As I read in this blog article, in a blockchain "each node has a copy of all transactions ever made". This to me seems impossible, bitcoin has existed for a long time, and the memory size of the entire blockchain would be enormous.

ps: if I have to pay for a service using bitcoins, do I become a node of the blockchain?

2 Answers 2


To join the network, a Bitcoin full node will work its way through the network history, independently verifying the state of the network through time. So yes, each node will have downloaded and validated the entire transaction history, but a node can choose to use 'pruning mode', where it will discard unneeded transaction history after validation is complete.

The ever-increasing size of the blockchain is a heavy consideration when considering network and protocol updates. Bitcoin requires a distributed network in order to maintain its function, so it is important that the software can be run on inexpensive hardware, so that more people can participate.

ps: if i have to pay for a service using bitcoins, do i become a node of the blockchain ?

There are other ways to interact with the network. Many wallets are lite-wallets, which validate the chain via headers instead of the entire block. This is a less robust security model, but it works well for many people.

You generally do not need to pay a service in order to interact with the network (as a full node, a lite-wallet, etc).


Full nodes by default store the entire blockchain. The current size of the blockchain is ~250GB, so it is feasible for individuals to have their own copy and verify all of the transactions. There is also the option to run Bitcoin in pruned mode, which reduces the number of transactions that need to be stored. This greatly reduces the storage space demands and it can still verify all the transactions.

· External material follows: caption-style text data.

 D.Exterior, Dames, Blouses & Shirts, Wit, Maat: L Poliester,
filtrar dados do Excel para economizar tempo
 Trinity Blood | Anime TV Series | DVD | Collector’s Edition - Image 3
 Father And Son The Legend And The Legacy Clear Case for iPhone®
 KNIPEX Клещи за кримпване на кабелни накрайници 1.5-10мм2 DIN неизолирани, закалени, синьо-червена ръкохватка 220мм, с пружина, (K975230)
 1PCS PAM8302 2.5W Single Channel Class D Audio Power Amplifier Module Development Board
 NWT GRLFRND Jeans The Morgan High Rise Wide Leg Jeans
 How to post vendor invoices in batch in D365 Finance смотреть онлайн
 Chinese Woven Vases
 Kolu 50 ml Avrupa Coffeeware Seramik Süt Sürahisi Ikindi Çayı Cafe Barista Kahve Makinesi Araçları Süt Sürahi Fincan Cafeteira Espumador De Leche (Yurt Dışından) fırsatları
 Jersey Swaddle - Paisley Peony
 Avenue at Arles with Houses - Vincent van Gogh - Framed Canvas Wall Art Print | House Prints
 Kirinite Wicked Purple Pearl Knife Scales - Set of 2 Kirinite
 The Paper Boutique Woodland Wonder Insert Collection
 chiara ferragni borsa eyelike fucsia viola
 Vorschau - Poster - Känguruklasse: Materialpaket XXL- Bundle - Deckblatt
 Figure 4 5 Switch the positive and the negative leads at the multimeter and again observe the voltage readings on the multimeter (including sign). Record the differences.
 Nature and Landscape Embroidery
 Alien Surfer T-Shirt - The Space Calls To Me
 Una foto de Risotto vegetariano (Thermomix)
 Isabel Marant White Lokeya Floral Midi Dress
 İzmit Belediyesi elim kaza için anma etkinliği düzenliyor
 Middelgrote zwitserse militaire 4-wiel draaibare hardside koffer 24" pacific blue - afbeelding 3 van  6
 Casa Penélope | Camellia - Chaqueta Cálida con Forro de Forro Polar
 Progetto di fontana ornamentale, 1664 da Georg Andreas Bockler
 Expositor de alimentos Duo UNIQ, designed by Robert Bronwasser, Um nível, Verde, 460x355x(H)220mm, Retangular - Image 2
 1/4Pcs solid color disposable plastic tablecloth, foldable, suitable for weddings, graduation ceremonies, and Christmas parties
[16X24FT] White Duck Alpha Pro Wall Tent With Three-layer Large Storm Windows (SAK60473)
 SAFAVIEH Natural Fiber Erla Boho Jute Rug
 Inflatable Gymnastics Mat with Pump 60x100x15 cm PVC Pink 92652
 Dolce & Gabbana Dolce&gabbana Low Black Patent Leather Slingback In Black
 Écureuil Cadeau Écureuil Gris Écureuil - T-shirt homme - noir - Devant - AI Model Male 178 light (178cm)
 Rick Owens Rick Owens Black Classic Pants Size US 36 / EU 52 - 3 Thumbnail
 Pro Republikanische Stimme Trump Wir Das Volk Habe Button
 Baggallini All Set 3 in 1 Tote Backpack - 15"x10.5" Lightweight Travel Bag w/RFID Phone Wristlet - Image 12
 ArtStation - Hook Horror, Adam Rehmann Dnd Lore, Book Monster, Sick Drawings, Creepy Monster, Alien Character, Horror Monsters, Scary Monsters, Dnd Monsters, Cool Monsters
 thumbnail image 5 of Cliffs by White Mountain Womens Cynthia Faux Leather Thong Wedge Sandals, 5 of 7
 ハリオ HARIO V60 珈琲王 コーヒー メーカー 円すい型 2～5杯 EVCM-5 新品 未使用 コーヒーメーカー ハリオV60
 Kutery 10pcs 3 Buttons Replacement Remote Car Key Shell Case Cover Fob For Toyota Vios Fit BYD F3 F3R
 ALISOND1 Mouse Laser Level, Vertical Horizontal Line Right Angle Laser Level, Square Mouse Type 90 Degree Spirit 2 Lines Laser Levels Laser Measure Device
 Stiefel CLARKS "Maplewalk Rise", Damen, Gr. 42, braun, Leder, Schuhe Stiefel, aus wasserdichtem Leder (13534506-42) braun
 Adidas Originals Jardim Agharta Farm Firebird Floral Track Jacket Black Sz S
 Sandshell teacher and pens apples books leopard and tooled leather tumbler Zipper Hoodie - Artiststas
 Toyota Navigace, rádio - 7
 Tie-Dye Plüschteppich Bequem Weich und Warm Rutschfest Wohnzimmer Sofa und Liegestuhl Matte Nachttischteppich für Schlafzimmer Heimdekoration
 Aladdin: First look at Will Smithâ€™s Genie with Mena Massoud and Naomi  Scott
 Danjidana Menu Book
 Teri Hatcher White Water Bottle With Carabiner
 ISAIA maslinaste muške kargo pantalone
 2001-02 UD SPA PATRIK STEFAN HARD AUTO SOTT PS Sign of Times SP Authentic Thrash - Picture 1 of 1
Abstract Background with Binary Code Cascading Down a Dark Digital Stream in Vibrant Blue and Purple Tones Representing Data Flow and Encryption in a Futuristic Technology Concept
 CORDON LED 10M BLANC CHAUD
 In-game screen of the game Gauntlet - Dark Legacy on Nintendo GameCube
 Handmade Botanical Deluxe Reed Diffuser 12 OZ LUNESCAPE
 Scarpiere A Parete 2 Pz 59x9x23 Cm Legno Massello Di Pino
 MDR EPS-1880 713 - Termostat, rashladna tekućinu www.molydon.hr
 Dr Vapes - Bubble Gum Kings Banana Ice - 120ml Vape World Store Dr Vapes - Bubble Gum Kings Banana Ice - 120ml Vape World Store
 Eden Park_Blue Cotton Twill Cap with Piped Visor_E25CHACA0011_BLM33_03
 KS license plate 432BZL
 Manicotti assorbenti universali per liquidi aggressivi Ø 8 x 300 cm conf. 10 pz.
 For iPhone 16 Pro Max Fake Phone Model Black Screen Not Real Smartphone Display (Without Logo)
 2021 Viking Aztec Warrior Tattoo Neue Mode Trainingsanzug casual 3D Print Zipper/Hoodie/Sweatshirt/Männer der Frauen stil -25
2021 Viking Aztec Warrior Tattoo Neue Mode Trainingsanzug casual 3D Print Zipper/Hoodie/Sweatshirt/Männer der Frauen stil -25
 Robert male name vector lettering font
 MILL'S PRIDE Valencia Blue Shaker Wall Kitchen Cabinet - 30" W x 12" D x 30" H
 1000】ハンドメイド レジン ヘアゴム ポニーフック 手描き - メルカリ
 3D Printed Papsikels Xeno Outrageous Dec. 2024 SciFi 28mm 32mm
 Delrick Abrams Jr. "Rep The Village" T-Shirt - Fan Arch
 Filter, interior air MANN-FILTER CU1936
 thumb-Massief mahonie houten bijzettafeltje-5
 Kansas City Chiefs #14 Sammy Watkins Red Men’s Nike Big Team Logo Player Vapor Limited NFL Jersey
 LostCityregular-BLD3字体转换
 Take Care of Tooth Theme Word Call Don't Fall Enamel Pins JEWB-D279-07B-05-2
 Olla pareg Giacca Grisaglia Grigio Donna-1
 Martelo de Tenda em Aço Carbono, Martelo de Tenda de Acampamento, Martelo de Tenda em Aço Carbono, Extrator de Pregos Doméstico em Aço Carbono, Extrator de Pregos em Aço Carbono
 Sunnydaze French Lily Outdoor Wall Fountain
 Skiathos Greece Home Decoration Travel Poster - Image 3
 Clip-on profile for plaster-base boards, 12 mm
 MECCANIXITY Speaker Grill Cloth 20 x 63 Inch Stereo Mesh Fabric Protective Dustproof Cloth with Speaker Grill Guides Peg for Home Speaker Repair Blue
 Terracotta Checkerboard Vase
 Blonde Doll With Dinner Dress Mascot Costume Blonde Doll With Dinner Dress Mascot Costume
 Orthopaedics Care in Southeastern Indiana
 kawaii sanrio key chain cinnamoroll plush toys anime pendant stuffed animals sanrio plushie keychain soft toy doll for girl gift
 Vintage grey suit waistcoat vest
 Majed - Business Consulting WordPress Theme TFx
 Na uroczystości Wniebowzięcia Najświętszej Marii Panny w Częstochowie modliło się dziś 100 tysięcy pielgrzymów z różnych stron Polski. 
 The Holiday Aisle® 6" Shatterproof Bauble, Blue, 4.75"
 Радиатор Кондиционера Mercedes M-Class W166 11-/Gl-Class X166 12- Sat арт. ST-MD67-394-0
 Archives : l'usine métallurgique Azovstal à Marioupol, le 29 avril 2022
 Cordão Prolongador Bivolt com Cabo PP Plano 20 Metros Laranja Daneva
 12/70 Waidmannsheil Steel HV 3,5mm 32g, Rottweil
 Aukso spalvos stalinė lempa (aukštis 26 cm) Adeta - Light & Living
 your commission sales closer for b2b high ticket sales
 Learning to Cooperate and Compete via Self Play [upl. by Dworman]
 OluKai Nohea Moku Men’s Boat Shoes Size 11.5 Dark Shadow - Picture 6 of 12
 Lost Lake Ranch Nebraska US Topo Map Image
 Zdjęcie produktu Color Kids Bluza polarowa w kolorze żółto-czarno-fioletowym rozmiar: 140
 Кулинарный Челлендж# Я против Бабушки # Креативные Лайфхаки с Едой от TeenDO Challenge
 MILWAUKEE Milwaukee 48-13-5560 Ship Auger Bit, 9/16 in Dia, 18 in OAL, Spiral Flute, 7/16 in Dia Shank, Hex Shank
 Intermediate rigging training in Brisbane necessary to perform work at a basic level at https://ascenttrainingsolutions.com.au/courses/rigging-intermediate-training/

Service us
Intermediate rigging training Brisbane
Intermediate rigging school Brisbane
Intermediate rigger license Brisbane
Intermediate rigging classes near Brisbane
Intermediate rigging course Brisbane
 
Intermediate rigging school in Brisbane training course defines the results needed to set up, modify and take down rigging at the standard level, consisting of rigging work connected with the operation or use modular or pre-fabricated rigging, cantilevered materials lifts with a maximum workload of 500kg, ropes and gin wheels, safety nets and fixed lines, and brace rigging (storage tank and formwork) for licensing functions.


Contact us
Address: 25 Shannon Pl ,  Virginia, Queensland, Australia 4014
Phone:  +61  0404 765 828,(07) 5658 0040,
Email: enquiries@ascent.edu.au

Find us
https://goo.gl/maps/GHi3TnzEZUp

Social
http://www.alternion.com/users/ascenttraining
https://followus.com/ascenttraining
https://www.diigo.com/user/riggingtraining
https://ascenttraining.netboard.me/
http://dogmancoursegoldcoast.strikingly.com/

However, not every node is a full node. There are lightweight nodes known as SPV nodes that don't verify the entire blockchain. Instead they can verify block headers and rely on a full node for the state of the blockchain.

More info on SPV nodes: https://gist.github.com/ariard/1034cd7624805d53334e80d4712fb8ee

If you're paying for a service using Bitcoin, its very likely that the service provider is running a full node for you. You run your own node when you run the bitcoin software yourself. It's a a worth while experience and if you're interested in Bitcoin and want to help maintain its integrity you should consider running your own node.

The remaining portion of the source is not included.